#### Supplied material ####

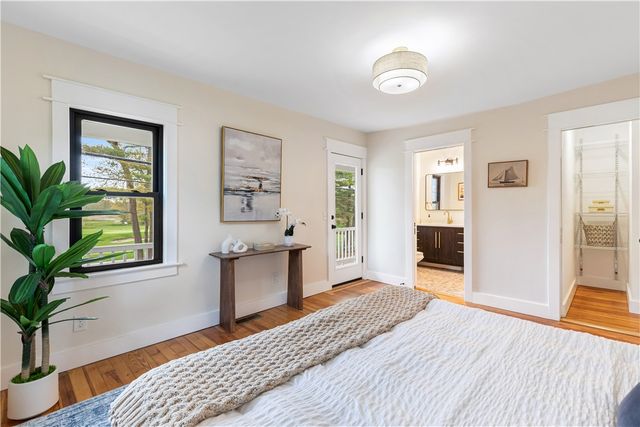 540 Middle Highway, Barrington, RI 02806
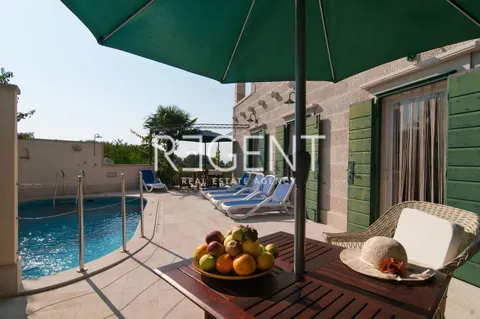 Brač, Mirca - kamenná vila s výhledem na moře, 300m2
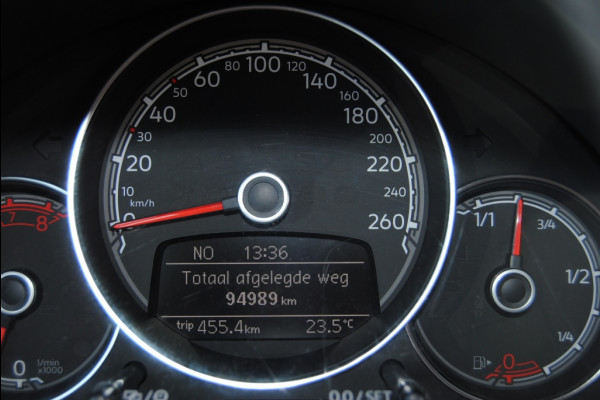 Volkswagen Beetle 1.2 TSI Exclusive S. Unieke kleur!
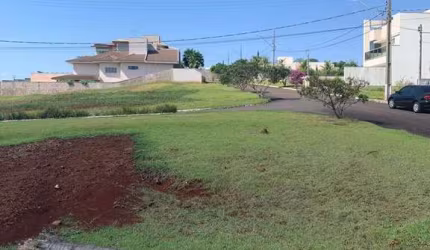 Terreno de 491,00 metros quadrados, localizado no Condomínio Bella Morada.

####

Pictures stay out; reproduce exactly the lines from the one containing "Volkswagen Beetle 1.2" through the end of the data.

 Volkswagen Beetle 1.2 TSI Exclusive S. Unieke kleur!
 Terreno de 491,00 metros quadrados, localizado no Condomínio Bella Morada.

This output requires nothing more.